USDA’s Climate Grants For Farms And Forests Run Into Republican Buzzsaw

The U.S. Department of Agriculture is funding projects to create new markets and revenue streams for “climate-smart” practices in farming, including beef production. Photo courtesy of Preston Keres, USDA.
By Allison Winter
Indiana Capital Chronicle
WASHINGTON — The Biden administration is spending more than $3 billion to cultivate more American farmers and forest landowners as partners to mitigate climate change — even while some Republicans on Capitol Hill try to stop the program entirely.
The administration launched a new farm program, Partnerships for Climate Smart Commodities, this year. It is the USDA’s largest-ever investment in climate-smart agriculture and part of a larger effort to advance the administration’s priority of addressing climate change.
Agriculture Department officials say they hope the program will be transformational and help create markets that could eventually bring “climate-smart” products to grocery shelves.
The program disburses grants for pilot programs that will pay landowners to try new practices to improve the carbon footprint of their operations — with a special focus to recruit traditionally underserved landowners to participate.
But Republican lawmakers have criticized the program — both for its emphasis on climate change and because of its funding source. Lawmakers have introduced bills to stop the program, and the GOP-controlled House Appropriations Committee voted to block spending for it next year.
Meanwhile, the Agriculture Department has been moving forward steadily, approving grants and rolling out the $3.1 billion in projects, 141 of them in total, some of which have funding from other sources as well.
The new initiative has won support from many agriculture, farm cooperative, forestry and research groups, including the National Farmers Union and the American Farm Bureau Federation. It has participants from major universities and farm corporations.
USDA estimates the program will reach more than 60,000 farms, encompassing more than 25 million acres of working lands. The agency’s preliminary estimates are that it will provide a reduction of over 50,000 million metric tons of CO2 equivalent. Climate activists say they hope the agency releases data as the projects roll out to show if those estimates become a reality.
Republican critics of the bill say the Biden administration overstepped its authority when it created the climate program and used the USDA’s financing institution, the Commodity Credit Corporation, to pay for it.

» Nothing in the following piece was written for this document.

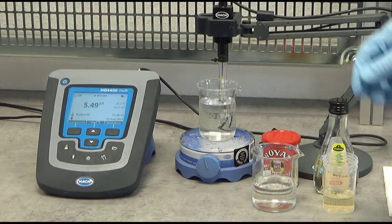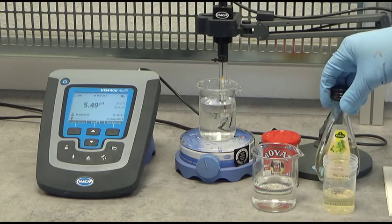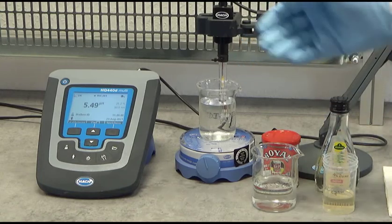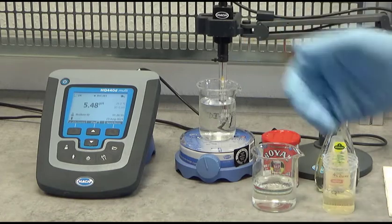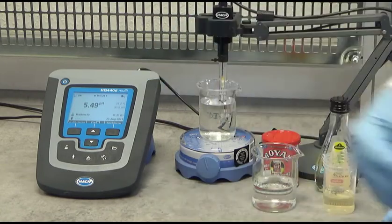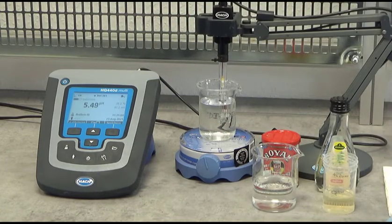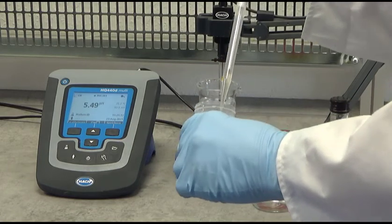What we're going to do now is add drop by drop a few milliliters of regular vinegar to the water sample. Vinegar is a little bit acidic, with a pH of approximately 3. We will watch what the pH of the water sample does while I'm adding it. I have our pH meter here, the HQD, and you can see the deionized water sample has a pH of approximately 5.5.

The CCC began during the Great Depression as a bailout program for cotton farmers. Over the years, Congress and presidential administrations have directed CCC to fund an increasingly broad array of programs, including farm bill programs, export and commodity programs, conservation and disaster assistance.
Since the Truman administration, the CCC has essentially become USDA’s bank and served as the primary financing source for many farm bill programs, including commodity supports and conservation programs.
The broad mandate and borrowing authority allow USDA to carry out “almost any operation required to meet the objectives of supporting U.S. agriculture,” according to an analysis from the Congressional Research Service, a nonpartisan research group within the Library of Congress.
The Trump administration directed $28 billion in aid to farmers in 2018-2019, when U.S. exports of agricultural goods dropped significantly in response to tariff increases.
USDA spent another $20 billion from the CCC in 2020 for producers who had been affected by the COVID-19 pandemic. In total, the Trump administration authorized over $51 billion from the CCC between 2018 and 2020, according to an analysis by the current USDA.
While some Republicans dislike the Biden administration’s use of the fund, the requests to participate in the Climate Smart Agriculture Program demonstrate the idea has some traction.
Initially USDA announced it would invest $1 billion in the partnerships but tripled its commitment because of the overwhelming requests for funding. USDA officials say they received more than 1,000 proposals from more than 500 groups — which would have totaled over $20 billion if they had funded them all.
They settled on $3.1 billion in grants to universities, agribusiness groups and nonprofits that will run climate projects. Many of the programs will help connect farmers or landowners with consultants or land managers that can help them make environmental plans and pay them to implement practices like cover crops, no-till farming or planting trees. Programs across the country will enroll farmers and collect data.
The Climate Smart Partnerships are not a carbon bank or certification process — at least not yet. But many of them are working on ways to market climate-smart products.
Private landowners are responsible for 39% of the nation’s forests but fewer than 13 percent of them have a land management plan, according to the American Forest Foundation.